Robert Kraft is a business man. Professional football is first and foremost a business.
Isn’t the lead tenet of business to buy low and sell high?
With that, we embark on a New England Patriots excursion to the land of common sense, with a layover in the world of reality.
You can finagle every angle you wish this spring.
Overpay and purchase every free-agent on the market. Have both QBs (Cam Ward and Shedeur Sanders) go 1-2, so New England, at No. 4, is in line for one of the two game-breakers on the board, Penn State’s Abdul Carter and Colorado’s Travis Hunter.
Heck, Mike Vrabel could even dupe some wayward franchise (Read: The New York Jets) to overpay for that No. 4 and scoop up a haul of extra picks.
Is any of that going to matter?
New England has won four games each of the last two seasons – one with the greatest coach in NFL history (Bill Belichick) and the next with the QB of the future (Drake Maye).
If you think it’s that bad, it isn’t. Things are actually worse.
So, let’s get back to business.
If I’m Vrabel, Kraft, or Ron Wolf’s son, Eliot – whoever is making the decisions these days – I’ve got Maye on the trading block.
You have one asset, one chance to change the direction of this gridiron mess.
Drake. Maye.
Not Maye the quarterback. He made little to no difference this past year, going 1-9 in the 10 starts in which he lasted past halftime.
It’s Maye the asset that can save your Patriots.
There is no way around it. The roster is clearly the worst in football, and attempting to save it in a year when every team has gobs of cash to spend in free agency and the draft talent is thin, could be fruitless.
So why not peddle Maye, who would easily be the No. 1 overall pick this time around? It wouldn’t be close.
Play the top three drafters against themselves. Tennessee, Cleveland and the Giants all need a quarterback.
The asking price for Maye would be astronomical.
With Tennessee, I’m talking the first pick overall, their No. 1 next year, a No. 2 in 2027, QB Will Levis and 27-year-old, three-time Pro Bowl defensive tackle Jeffrey Simmons.
With Cleveland, it would be the No. 2 overall, a No. 1 next year, a No. 2 in 2027 and disgruntled four-time All-Pro defensive lineman Myles Garrett.

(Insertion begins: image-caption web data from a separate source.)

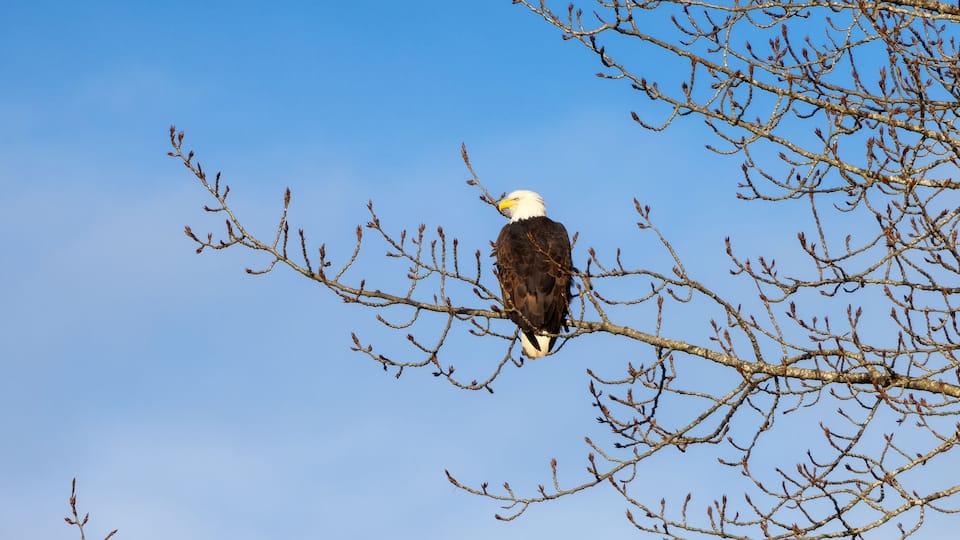 A bald eagle perched on a bare tree branch against a clear blue sky.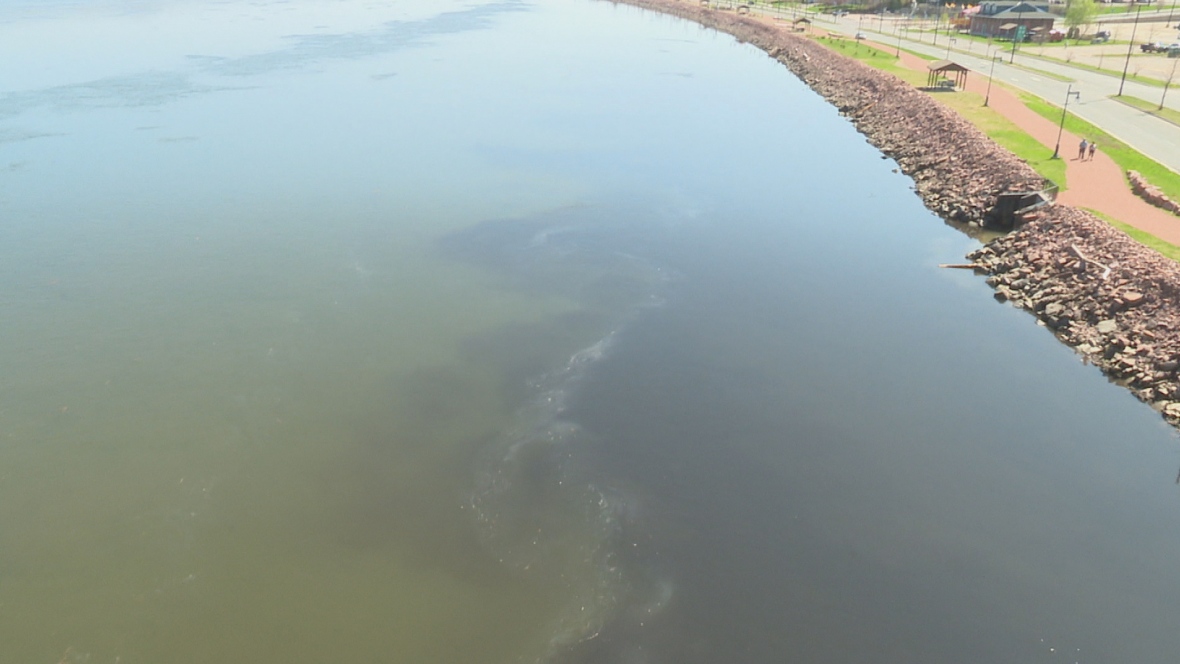 Black water coming from Atholville mill 'fishy' says expert - CBC.ca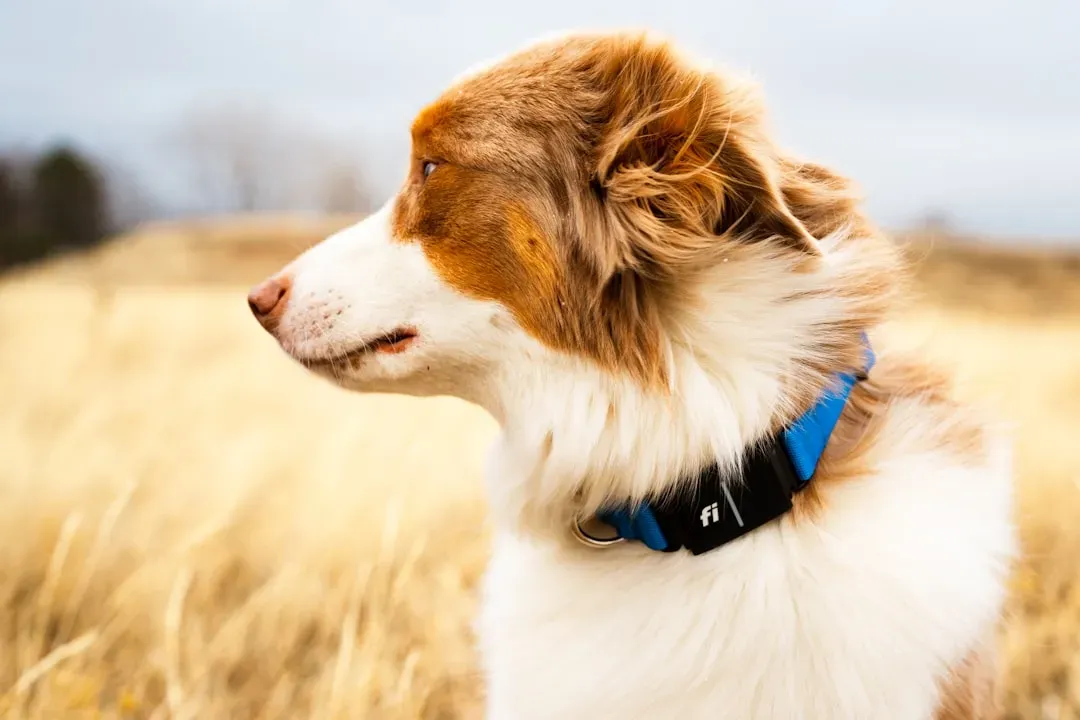 Australian Shepherd: The Hyperactive Herder (Image Credits: Unsplash)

And with the Giants, I’m asking for No. 3 overall, a first-rounder next year and a second-rounder in 2027, along with second-year Pro Bowl receiver Malik Nabers.
My price is hefty. But those three are desperate.
New England has so many needs. It seems useless to waste Maye’s rookie-deal years on a roster laden with the likes of Sidy Sow, Demontrey Jacobs and Ja’Lynn Polk sharing the offensive huddle with him.
Build around the empty QB spot. Use the added draft capital and the money that is mandated to be spent – remember my theme for this offseason, #OverspendWisely – to build around the position.
Give Joe Milton a shot to make the job his own and add a Levis, another third or fourth-round rookie, and even a, gulp, veteran like Jimmy Garoppolo to the mix.
Drastic measures are needed here. If you have watched the on-field product each of the last two years, you know that. It hurts because it’s so evident.
I like the kid, a lot. But, as they say, business is business.
And trading away Drake Maye might just be the only way.